*** Record extracts Section Begins ***
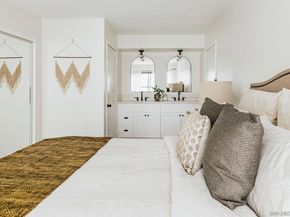 4652 Don Lorenzo Dr A, Los Angeles CA 90008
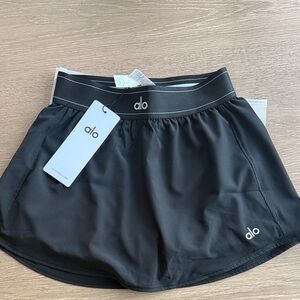 ALO Yoga Women's Athletic Black Skirt
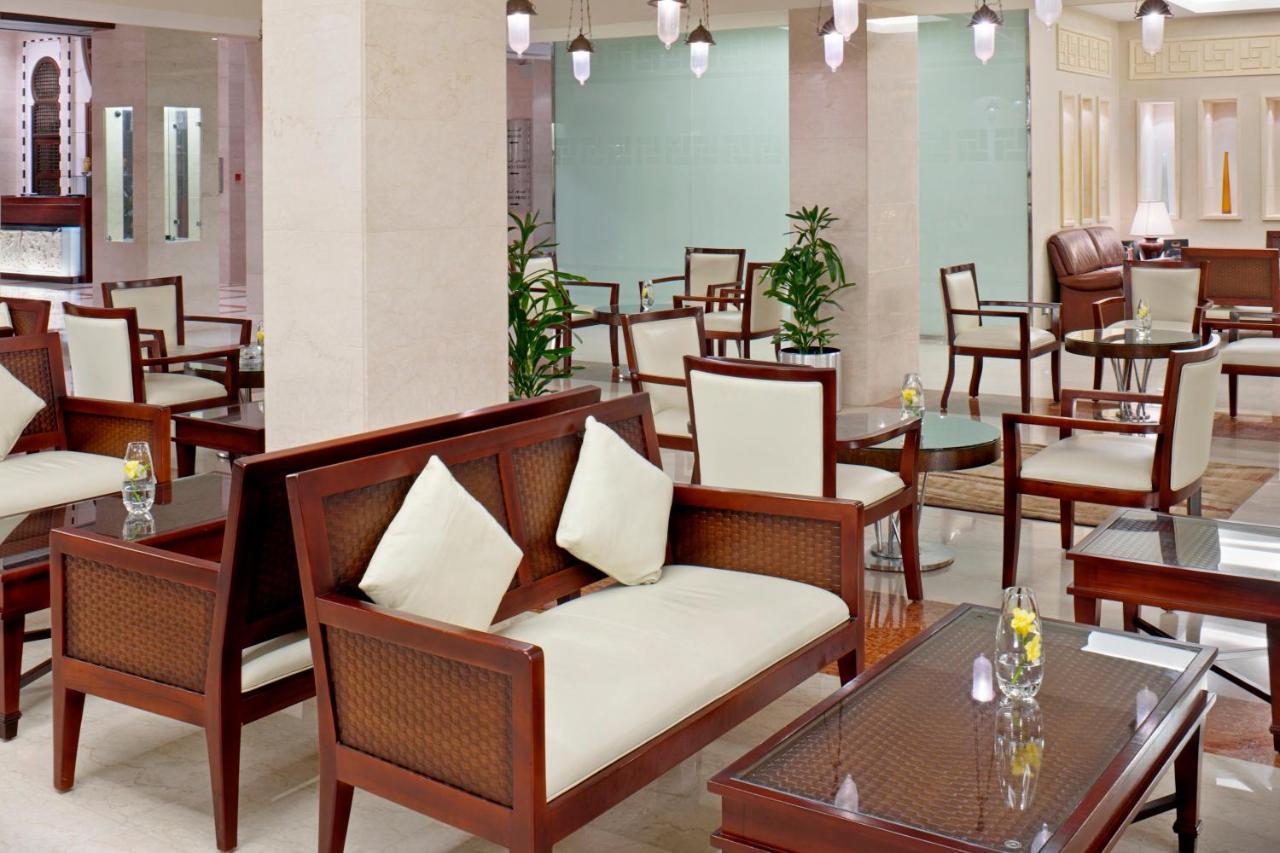 Отель Crowne Plaza Jeddah By Ihg Экстерьер фото The lounge at the airport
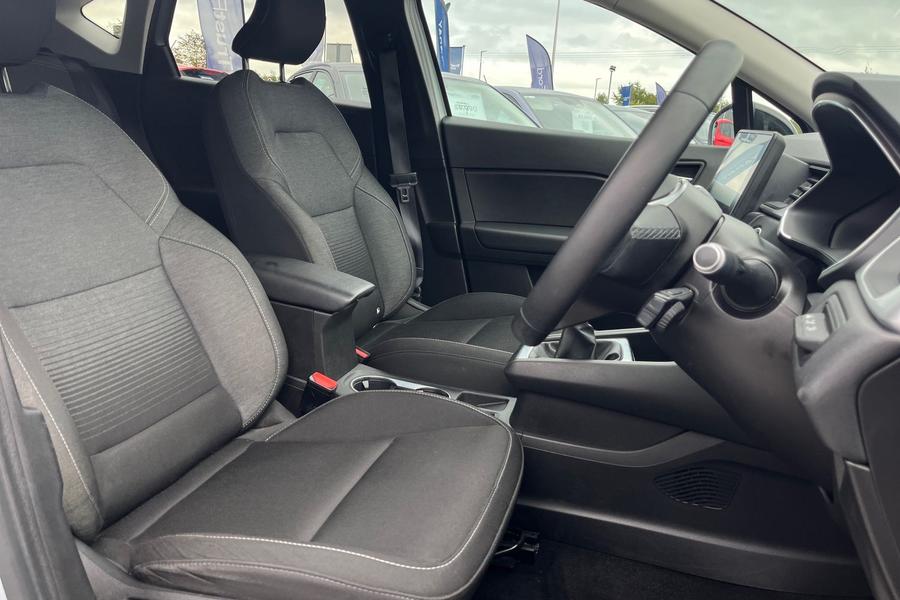 Renault CAPTUR Photo autoimg-317051f651b20948b244a1cad2cdf195cabb229f.jpg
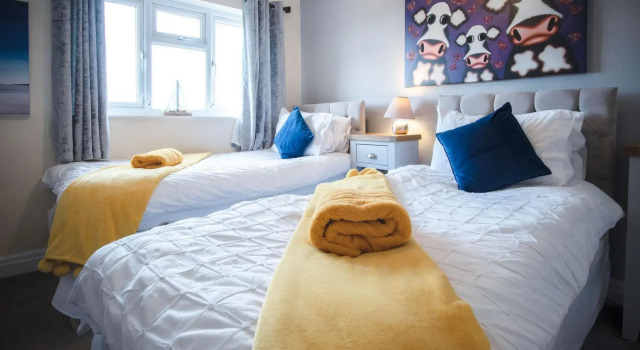 North Beach Heights - 3 Bedroom Penthouse - Tenby, Забронировать Апартаменты/квартира Тенби 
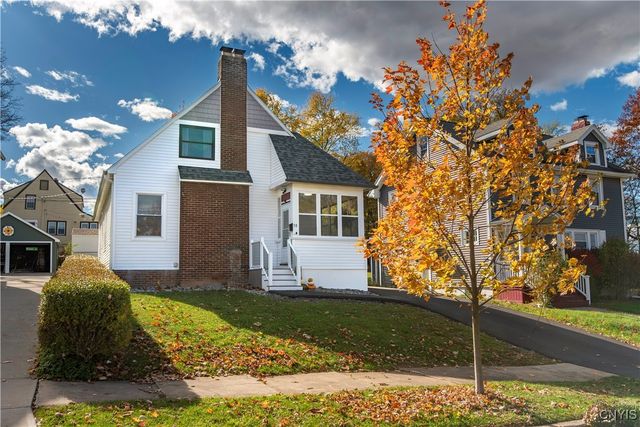 58 Ballantyne Brae, Utica, NY 13501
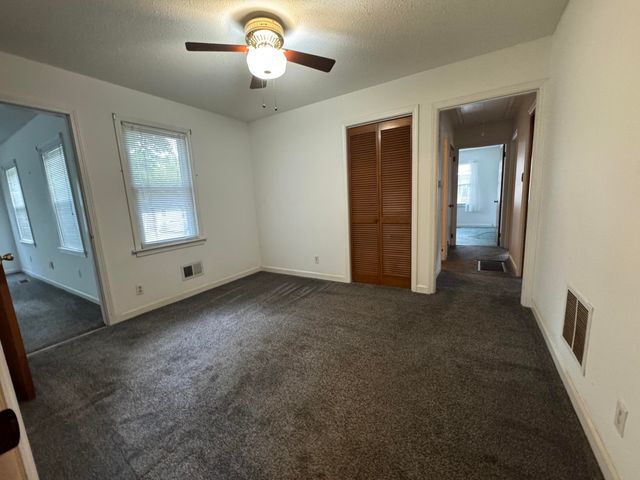 1038 W Sherwood Drive, Sumter, SC 29153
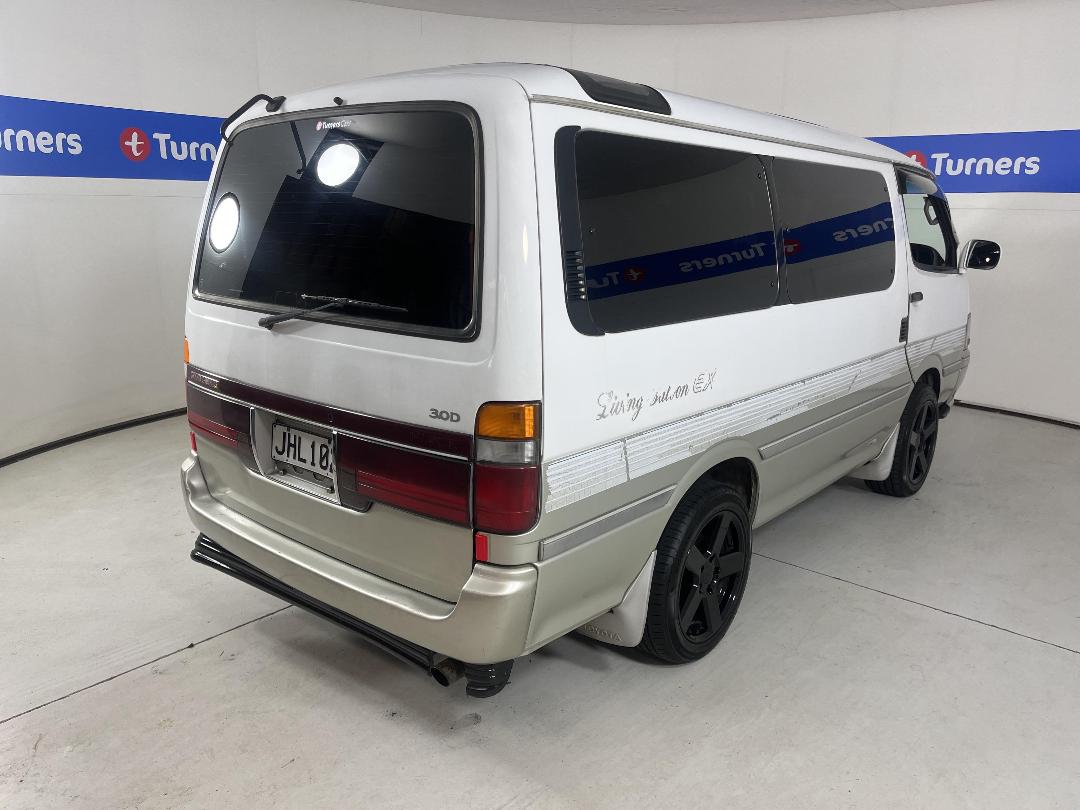Photo '7' of Toyota Hiace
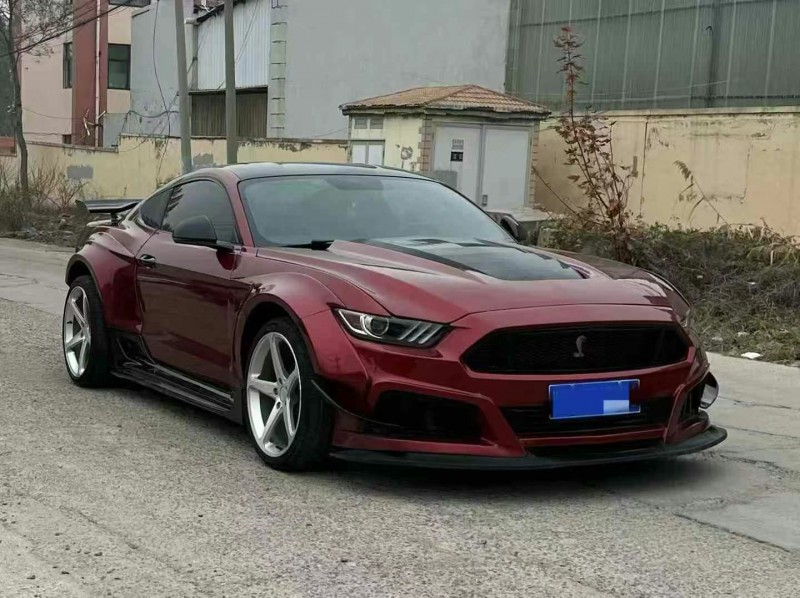 青岛17年福特野马2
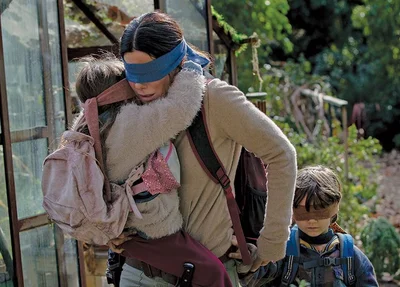 A personagem Malorie, interpretado por Sandra Bullock, precisa chegar com os filhos a um refúgio de olhos vendados.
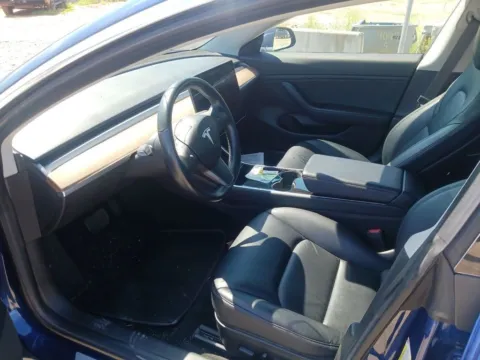 More photos of 2018 Tesla Model 3 Long Range at AutoGiant USA Indianapolis, IN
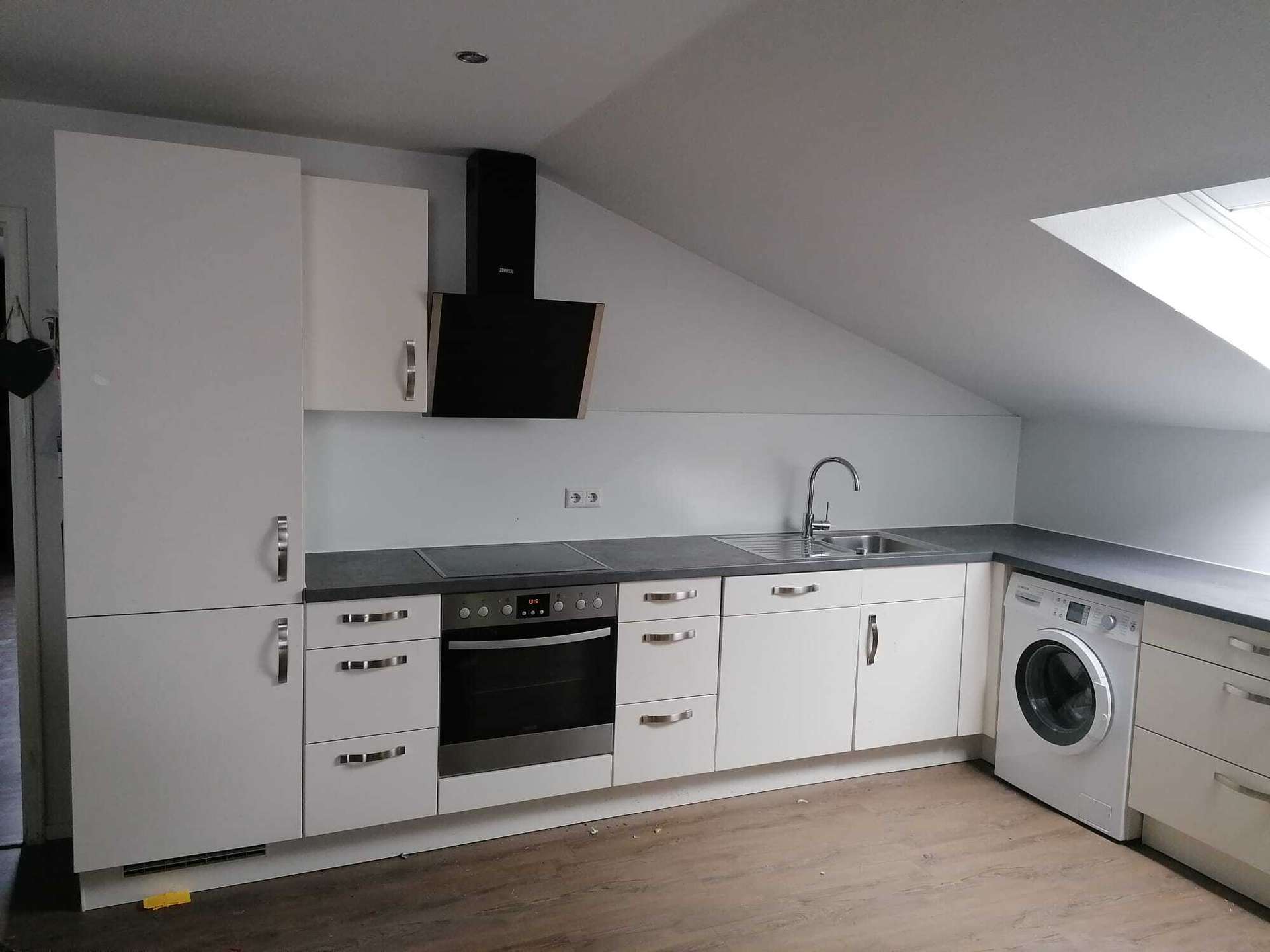 Immobilie in Keltern - großes Haus mit 3 Einheiten mit weitläufigem Grundstück und zahlreichen Nutzungsmöglichkeiten - Bild 1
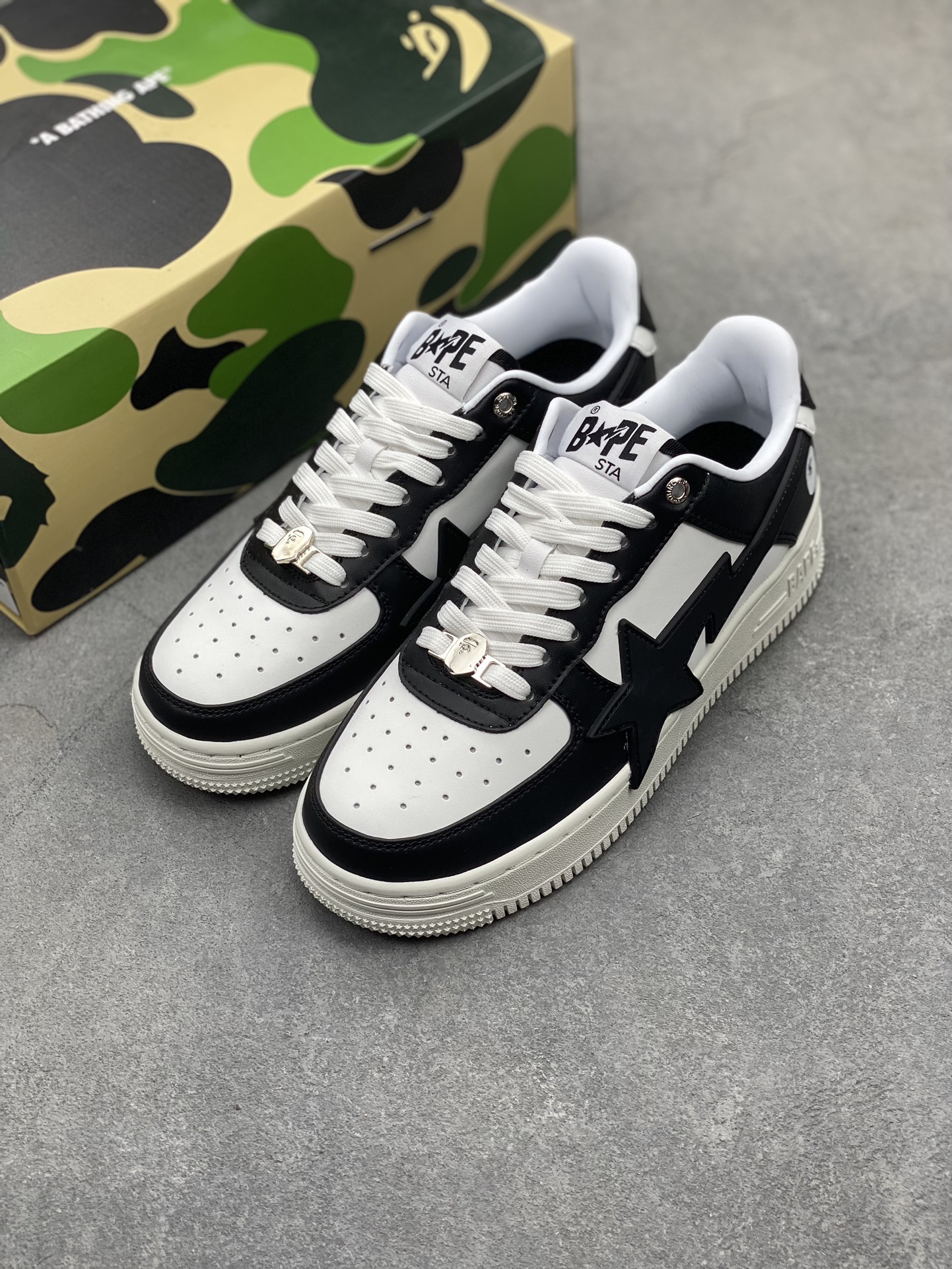 Bape Sk8 Sta To Nigo Low-Top Sneakers - Classic Design, Comfortable Fit 9 i1716059694 8915 0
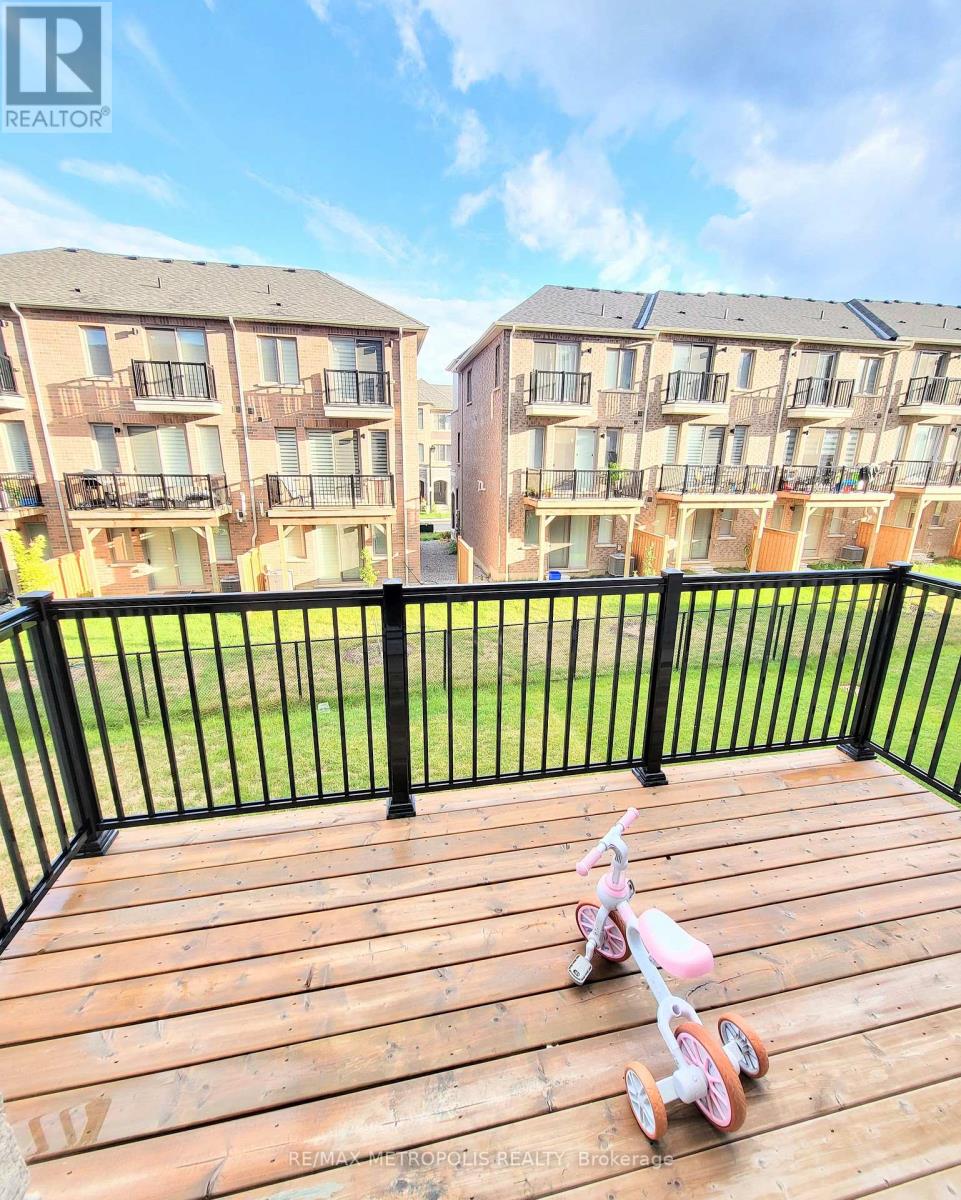 Photo 11 of 29 Sobczak Drive, Whitby ON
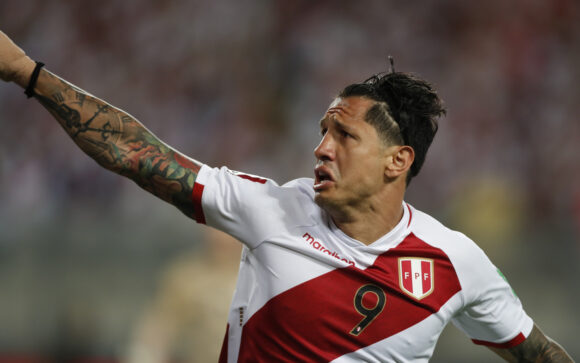 Perú contra Corea del Sur y Japón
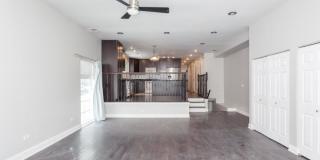 700 N Noble Gallery 7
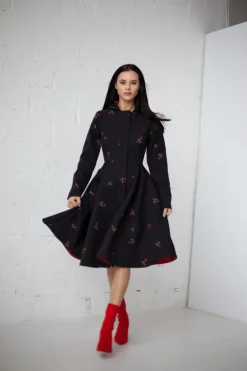 Wild Strawberry Sadetakki Musta<RainSisters Online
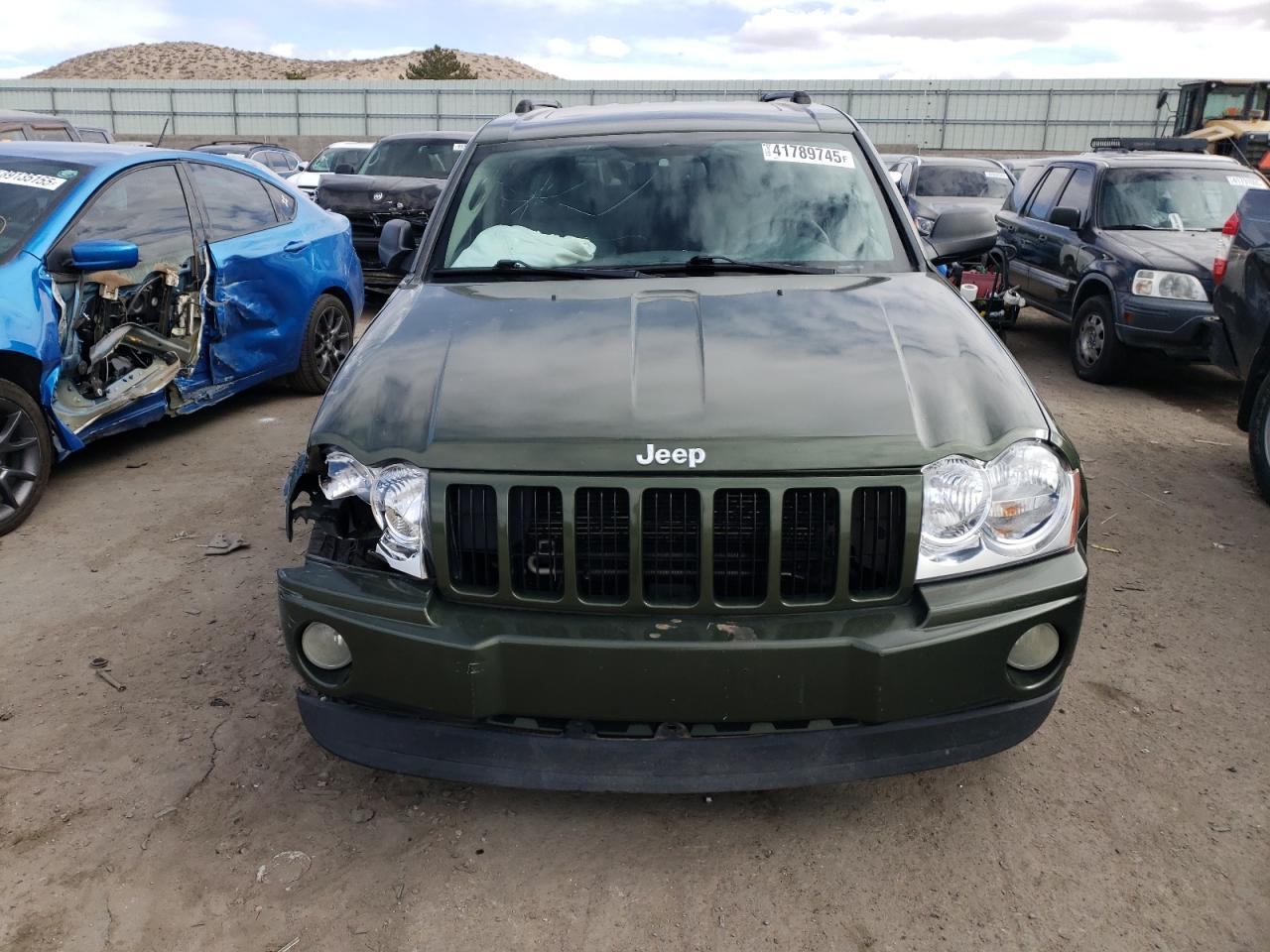 2007 Jeep Grand Cherokee - Image 5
*** Record extracts Section Ends ***
## [To do]
You are asked to output the records precisely as they appear, minus any pictures.

## [Output below]
 4652 Don Lorenzo Dr A, Los Angeles CA 90008
 ALO Yoga Women's Athletic Black Skirt
 Отель Crowne Plaza Jeddah By Ihg Экстерьер фото The lounge at the airport
 Renault CAPTUR Photo autoimg-317051f651b20948b244a1cad2cdf195cabb229f.jpg
 North Beach Heights - 3 Bedroom Penthouse - Tenby, Забронировать Апартаменты/квартира Тенби 
 58 Ballantyne Brae, Utica, NY 13501
 1038 W Sherwood Drive, Sumter, SC 29153
Photo '7' of Toyota Hiace
 青岛17年福特野马2
 A personagem Malorie, interpretado por Sandra Bullock, precisa chegar com os filhos a um refúgio de olhos vendados.
 More photos of 2018 Tesla Model 3 Long Range at AutoGiant USA Indianapolis, IN
 Immobilie in Keltern - großes Haus mit 3 Einheiten mit weitläufigem Grundstück und zahlreichen Nutzungsmöglichkeiten - Bild 1
 Bape Sk8 Sta To Nigo Low-Top Sneakers - Classic Design, Comfortable Fit 9 i1716059694 8915 0
 Photo 11 of 29 Sobczak Drive, Whitby ON
 Perú contra Corea del Sur y Japón
 700 N Noble Gallery 7
 Wild Strawberry Sadetakki Musta<RainSisters Online
 2007 Jeep Grand Cherokee - Image 5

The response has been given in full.